Dear Faculty, Staff, Alumni and Friends,
Last month, I joined with an estimated billion people across the globe, watching spellbound as Queen Elizabeth II was laid to rest. There are strong and important opinions on all sides of the debate about whether or not the United Kingdom should have a monarchy. And about what that monarchy has represented and signified over time. These questions are not what I would like to weigh in on in this column.
Rather, what fascinated and moved me was the mere fact of the funeral itself. The ways in which it was choreographed, and the psychological, emotional and seemingly spiritual effect it had on those who participated and watched. No matter what side of the debates one is on, it is hard to deny that impact.
What does all this have to do with the College of Architecture, Arts and Humanities, you ask? Everything. One could almost say, it was an event brought to the world through a combination of architecture, arts and humanities.
The day was framed by architecture.
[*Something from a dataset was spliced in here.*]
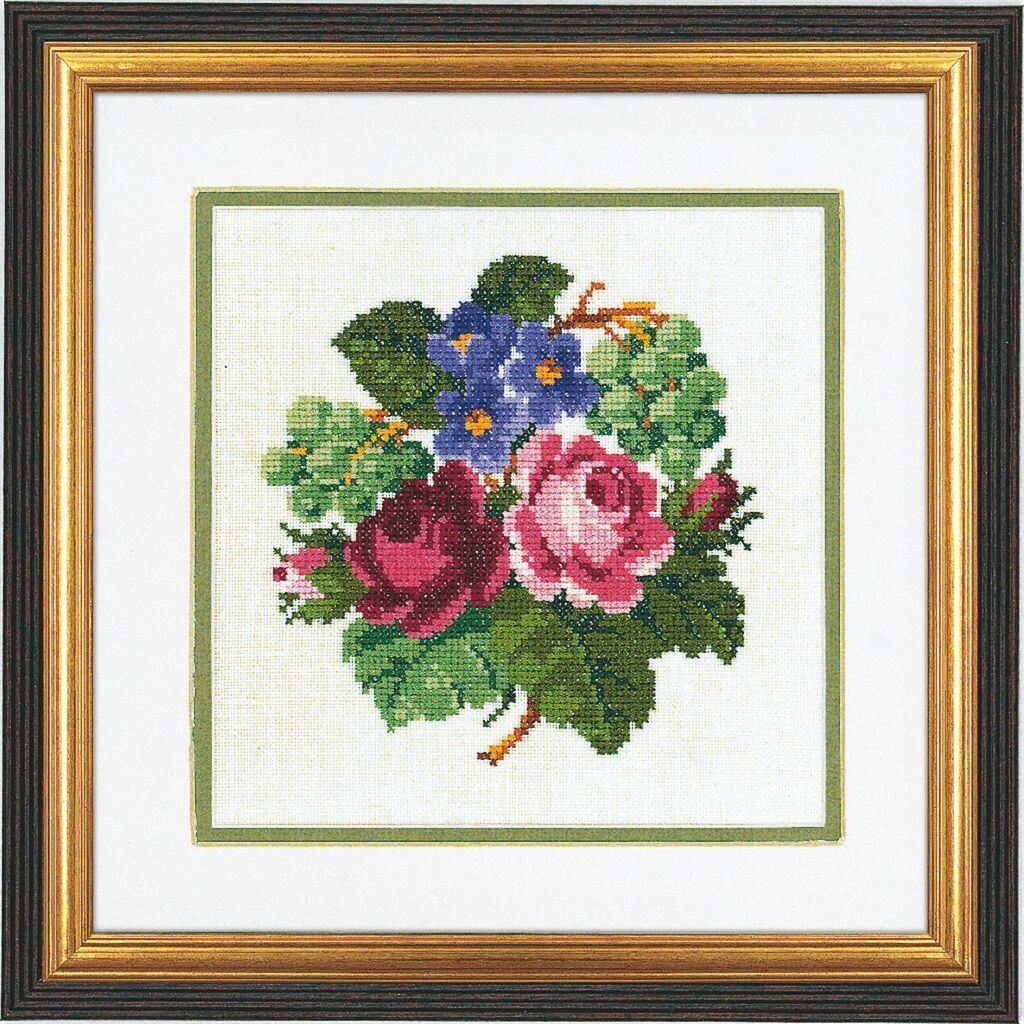 Eva Rosenstand Kreuzstich Set "Rosen und Trauben", Zählmuster, 25x25cm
Starting in Westminster Hall, where the Queen lay in state, and then on to Westminster Abbey for the public portion of the funeral service, and then the long procession through London and on to Windsor Castle for the private ceremony and the interment. Each of these buildings was founded approximately one thousand years ago, Windsor Castle being the oldest inhabited castle on this planet. The combined age of these structures: three thousand years. And they carry with them the weight and significance of that history, representing the three pillars of English culture: parliamentary democracy, the Church of England, and the monarchy, or, put differently: the profane, the sacred, and their defender. Architecture communicates all this without uttering a single word.
The day was also an exquisitely conceived amalgam of the sonic and the visual. From the lone bagpiper, walking away and vanishing into the mist, to the bright red tunics of the foot guard and the glistening breastplates and helmets of the horse guards, moving to the slow and unrelenting march of the music, interrupted every minute by the muffled church bell that tolled, out of sync with the music. A shock each time as it marked the inescapable progress of time and the inevitability of death, again without uttering a word.
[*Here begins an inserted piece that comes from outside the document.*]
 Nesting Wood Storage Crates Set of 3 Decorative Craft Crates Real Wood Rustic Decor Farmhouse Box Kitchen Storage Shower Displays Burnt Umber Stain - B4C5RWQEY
The day was an enactment of ritual that felt both familiar but also out of step with our world. Not so much an enactment as a re-enactment. The Middle Ages as imagined in the 19th century. Out of step, because we live in a time that has largely disposed of ritual in favor of the new. We have not only dispensed with ritual; we trivialize and mock it. And yet, if the reaction to the event is anything to go by, the hunger on display from the thousands who stood in line for more than a day to view the Queen lying in state, to the many thousands lining the streets during the procession, to the millions watching on screens, it is hard to dismiss the notion that what feeds our emotions and our soul are the symbols, sights and sounds that convey nobility, duty, dignity, tradition, honor, majesty. It was a display of the cumulative power of history, of ethics, of culture, and a reminder of our common aspiration as humans to reach for the divine. It was ultimately about the meaning of life.